» EXERCISE DESCRIPTION
With the pictures left out, write out exactly the lines of the listing below that run from the line with "Игровой стенд для попугаев жако-0" through the line with "Xông Giải Cảm".

» SOURCE MATERIAL
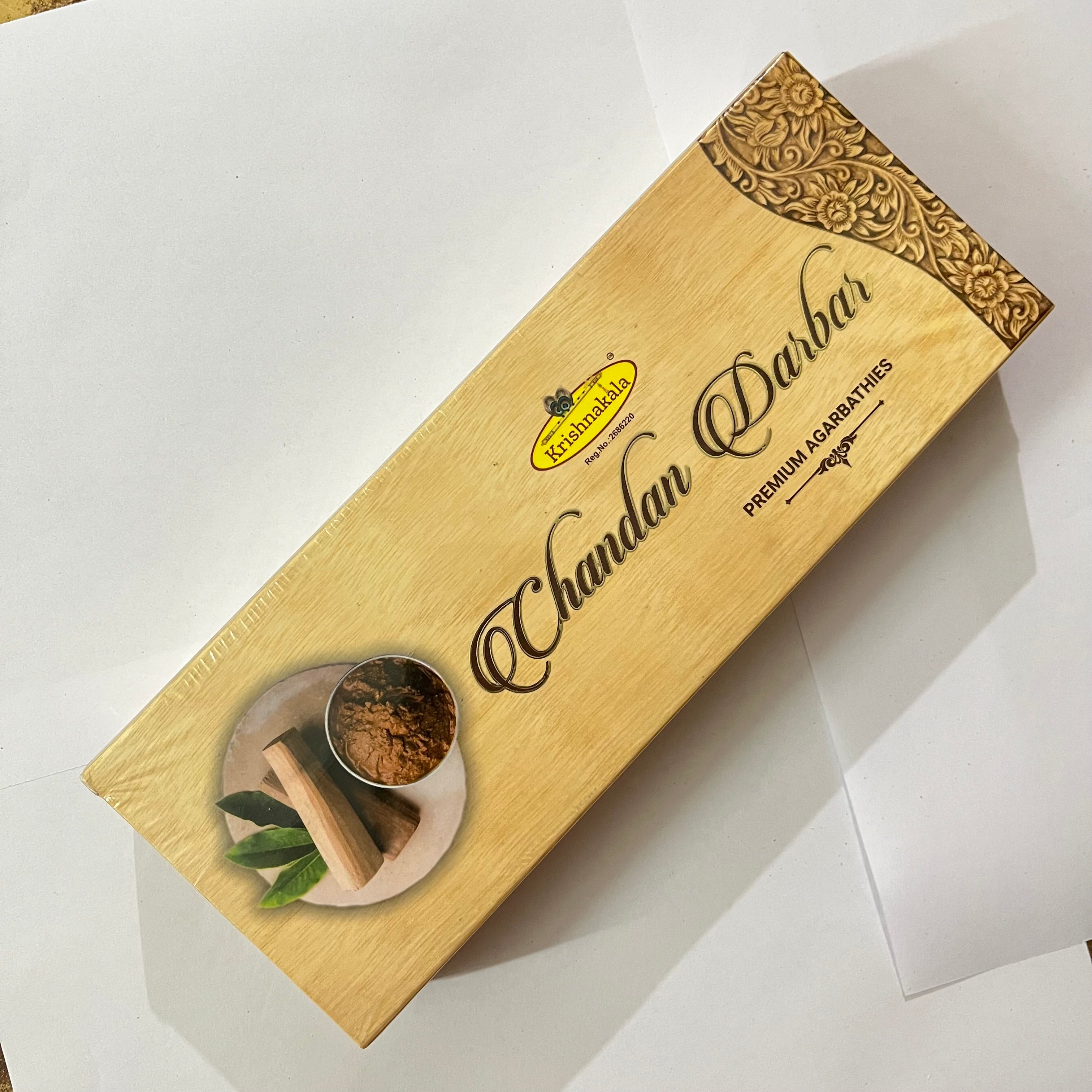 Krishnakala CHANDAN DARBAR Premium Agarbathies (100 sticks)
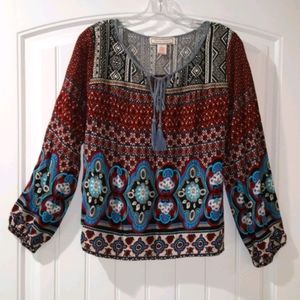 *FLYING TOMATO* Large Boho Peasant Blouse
--
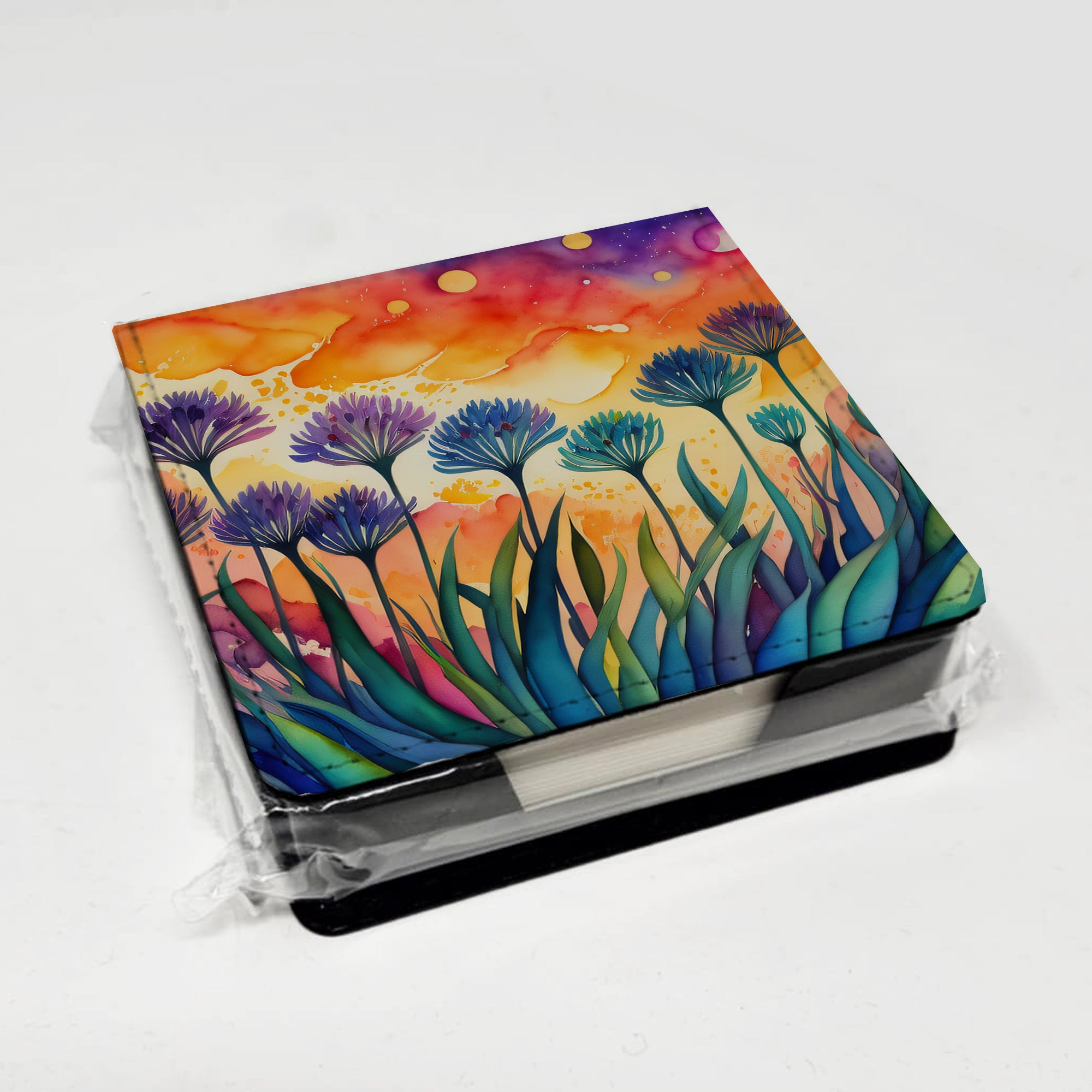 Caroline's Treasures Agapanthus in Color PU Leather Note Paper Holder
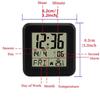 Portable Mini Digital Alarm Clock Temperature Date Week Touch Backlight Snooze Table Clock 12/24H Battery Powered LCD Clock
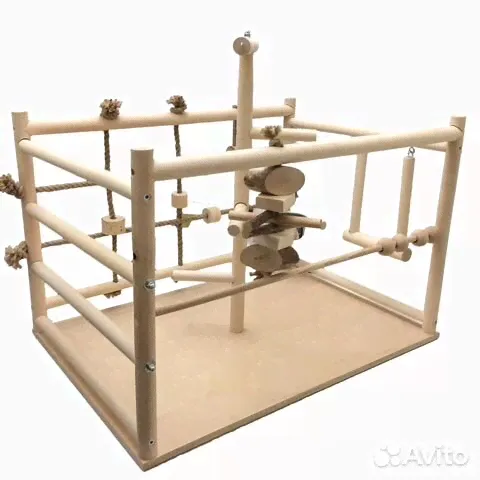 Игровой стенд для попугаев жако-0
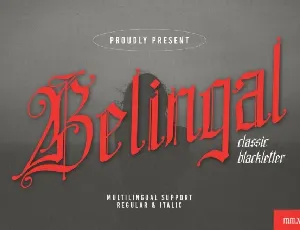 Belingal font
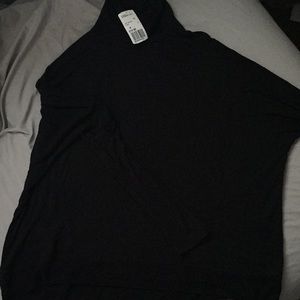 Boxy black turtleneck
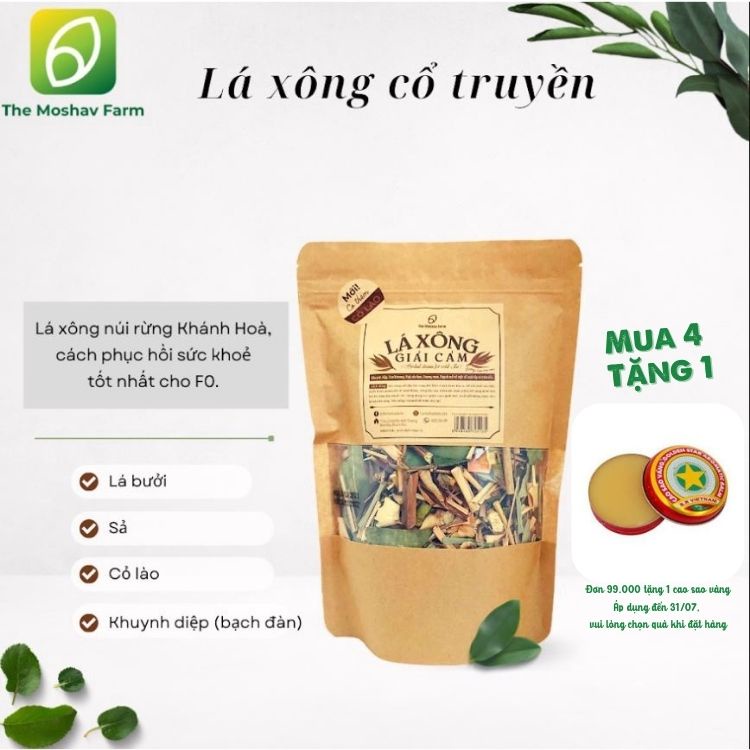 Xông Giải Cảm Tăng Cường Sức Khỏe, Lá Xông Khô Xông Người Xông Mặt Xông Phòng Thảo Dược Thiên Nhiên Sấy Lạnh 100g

» EXERCISE RESPONSE
 Игровой стенд для попугаев жако-0
 Belingal font
 Boxy black turtleneck
 Xông Giải Cảm Tăng Cường Sức Khỏe, Lá Xông Khô Xông Người Xông Mặt Xông Phòng Thảo Dược Thiên Nhiên Sấy Lạnh 100g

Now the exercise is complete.